Jeudi, à la sortie d’une réunion à l’Elysée, les chefs de partis et les leaders de l’opposition en étaient pour leurs frais. Le chef de l’Etat a déclaré qu’il n’y avait « aucune limite dans l’intervention de la France » en Ukraine.
Si l’ensemble des groupes politiques ont affirmé leur soutien à l’Ukraine, une unanimité se dégage pour s’opposer à toute velléité de cobelligérance française dans ce conflit. Au Sénat, les parlementaires l’affirmeront de nouveau jeudi à partir de 18h15, lors d’un débat convoqué par le président de la République, en application de l’article 50-1 de la Constitution. Après la prise de paroles du Premier ministre Gabriel Attal, Sébastien Lecornu (Défense) et Stéphane Séjourné (Affaires étrangères), les orateurs pour chaque groupe politique se succéderont pour s’exprimer à la tribune, par ordre décroissant des effectifs des groupes. Le groupe LR disposera de 14 minutes, 12 minutes pour le groupe socialiste, 10 minutes pour le groupe Union Centriste et 8 minutes pour les groupes, écologiste, RDSE, Les Indépendants et RDPI (à majorité Renaissance, ainsi que 3 minutes pour un sénateur qui ne dispose pas de groupe au Sénat. Le délai limite pour les inscriptions de parole dans le débat est fixé au mardi 12 mars à 15 heures.
Ce débat sera suivi d’un vote qui n’engage pas le gouvernement, que ce soit à l’Assemblée mardi 12 mars ou au Sénat le lendemain. Si le vote est symbolique, certains responsables d’oppositions craignent « une instrumentalisation à des fins de campagne électorale » de ce débat. « C’est juste pour voir comment va voter le RN. Alors, le Poutine, c’est ton copain ou pas ? » a confié, cette semaine à publisenat.fr, un ministre, hors des micros. Au Sénat, où le RN ne dispose que de trois sénateurs, l’enjeu sera surtout le vote de la majorité LR et centriste.
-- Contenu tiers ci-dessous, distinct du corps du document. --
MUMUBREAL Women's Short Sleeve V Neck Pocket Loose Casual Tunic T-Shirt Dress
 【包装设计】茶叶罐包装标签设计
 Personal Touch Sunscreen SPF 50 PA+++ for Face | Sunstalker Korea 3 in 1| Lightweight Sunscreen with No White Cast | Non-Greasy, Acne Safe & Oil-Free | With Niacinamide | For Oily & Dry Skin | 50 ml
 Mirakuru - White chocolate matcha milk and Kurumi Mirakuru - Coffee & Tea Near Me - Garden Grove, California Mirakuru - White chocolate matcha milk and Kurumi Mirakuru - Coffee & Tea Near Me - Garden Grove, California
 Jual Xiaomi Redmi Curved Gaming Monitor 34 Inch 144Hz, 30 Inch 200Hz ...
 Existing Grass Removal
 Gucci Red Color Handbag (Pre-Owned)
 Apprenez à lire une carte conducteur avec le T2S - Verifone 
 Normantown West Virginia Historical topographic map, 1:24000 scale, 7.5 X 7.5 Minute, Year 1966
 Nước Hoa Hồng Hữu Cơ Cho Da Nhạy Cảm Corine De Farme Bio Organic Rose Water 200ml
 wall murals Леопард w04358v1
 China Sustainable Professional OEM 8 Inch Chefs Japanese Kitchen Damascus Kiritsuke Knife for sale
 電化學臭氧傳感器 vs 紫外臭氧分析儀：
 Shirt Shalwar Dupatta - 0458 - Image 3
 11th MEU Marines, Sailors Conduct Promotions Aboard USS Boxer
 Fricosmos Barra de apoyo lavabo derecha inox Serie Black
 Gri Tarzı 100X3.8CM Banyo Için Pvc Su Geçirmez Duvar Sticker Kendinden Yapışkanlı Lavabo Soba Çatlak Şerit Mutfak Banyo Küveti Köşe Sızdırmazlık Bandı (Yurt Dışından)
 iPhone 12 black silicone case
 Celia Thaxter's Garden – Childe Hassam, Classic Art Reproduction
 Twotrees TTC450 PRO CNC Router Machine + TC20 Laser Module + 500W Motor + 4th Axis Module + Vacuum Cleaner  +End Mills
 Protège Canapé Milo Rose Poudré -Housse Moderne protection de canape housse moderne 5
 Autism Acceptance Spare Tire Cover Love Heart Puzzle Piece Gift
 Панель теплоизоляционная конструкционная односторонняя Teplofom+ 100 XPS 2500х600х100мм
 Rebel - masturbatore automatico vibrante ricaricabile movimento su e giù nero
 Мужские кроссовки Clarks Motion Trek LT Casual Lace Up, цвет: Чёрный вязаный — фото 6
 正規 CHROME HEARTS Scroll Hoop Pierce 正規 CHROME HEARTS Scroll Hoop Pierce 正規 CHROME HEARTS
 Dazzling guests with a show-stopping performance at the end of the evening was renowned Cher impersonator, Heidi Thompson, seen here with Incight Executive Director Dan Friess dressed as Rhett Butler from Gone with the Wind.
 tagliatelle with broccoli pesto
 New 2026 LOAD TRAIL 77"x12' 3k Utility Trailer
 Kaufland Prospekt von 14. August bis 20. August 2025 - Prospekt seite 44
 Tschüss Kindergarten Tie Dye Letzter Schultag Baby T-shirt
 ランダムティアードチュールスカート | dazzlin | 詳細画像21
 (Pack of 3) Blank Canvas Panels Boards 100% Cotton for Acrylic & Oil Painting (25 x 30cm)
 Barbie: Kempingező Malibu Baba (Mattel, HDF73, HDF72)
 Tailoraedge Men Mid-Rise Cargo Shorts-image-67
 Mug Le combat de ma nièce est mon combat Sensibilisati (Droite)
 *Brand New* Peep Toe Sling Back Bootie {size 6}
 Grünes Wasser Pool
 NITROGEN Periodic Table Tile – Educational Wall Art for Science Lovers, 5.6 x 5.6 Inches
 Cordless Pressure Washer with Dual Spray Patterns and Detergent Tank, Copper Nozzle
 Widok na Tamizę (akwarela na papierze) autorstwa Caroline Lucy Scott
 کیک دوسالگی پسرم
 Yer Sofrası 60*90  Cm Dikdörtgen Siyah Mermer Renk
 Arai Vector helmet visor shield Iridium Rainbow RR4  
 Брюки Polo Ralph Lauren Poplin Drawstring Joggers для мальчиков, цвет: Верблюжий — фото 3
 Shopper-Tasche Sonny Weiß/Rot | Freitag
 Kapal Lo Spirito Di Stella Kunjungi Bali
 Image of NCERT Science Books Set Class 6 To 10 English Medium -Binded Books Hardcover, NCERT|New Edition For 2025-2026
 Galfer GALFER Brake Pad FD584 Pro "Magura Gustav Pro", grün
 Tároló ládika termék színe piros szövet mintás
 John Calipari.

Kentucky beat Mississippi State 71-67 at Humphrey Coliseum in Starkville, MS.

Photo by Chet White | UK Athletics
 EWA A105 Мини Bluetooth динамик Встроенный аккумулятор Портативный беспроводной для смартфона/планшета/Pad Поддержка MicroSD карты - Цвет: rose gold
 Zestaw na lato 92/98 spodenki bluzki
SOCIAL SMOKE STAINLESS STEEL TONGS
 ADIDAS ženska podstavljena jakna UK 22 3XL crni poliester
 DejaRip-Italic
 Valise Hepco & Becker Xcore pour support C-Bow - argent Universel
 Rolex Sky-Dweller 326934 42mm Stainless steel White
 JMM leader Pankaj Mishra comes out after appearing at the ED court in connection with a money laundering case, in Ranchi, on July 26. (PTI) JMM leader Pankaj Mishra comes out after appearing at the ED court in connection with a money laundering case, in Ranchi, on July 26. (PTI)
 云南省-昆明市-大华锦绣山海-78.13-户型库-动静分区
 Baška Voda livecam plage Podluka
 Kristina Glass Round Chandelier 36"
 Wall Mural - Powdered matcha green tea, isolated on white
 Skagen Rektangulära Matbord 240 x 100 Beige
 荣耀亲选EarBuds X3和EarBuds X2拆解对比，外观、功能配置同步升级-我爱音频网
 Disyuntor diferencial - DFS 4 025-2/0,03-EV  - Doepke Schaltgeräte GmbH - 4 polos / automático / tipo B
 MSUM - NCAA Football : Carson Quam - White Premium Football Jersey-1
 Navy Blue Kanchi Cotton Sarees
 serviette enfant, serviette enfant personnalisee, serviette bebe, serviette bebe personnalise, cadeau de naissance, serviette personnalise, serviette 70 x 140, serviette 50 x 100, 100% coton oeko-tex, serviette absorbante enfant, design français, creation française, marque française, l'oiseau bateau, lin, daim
Le président du groupe centriste, Hervé Marseille a déclaré à Public Sénat, jeudi, « qu’on ne pouvait rien exclure », tandis que le patron du groupe LR Bruno Retailleau a déclaré sur X que « l’entrée en guerre de la France contre la Russie serait une folie aux conséquences incalculables ».
Le dernier débat ayant donné lieu à un vote en application de l’article 50-1 remonte à juin 2021. Assemblée nationale et Sénat étaient alors invités à se prononcer sur les engagements pris par le gouvernement en matière de programmation militaire.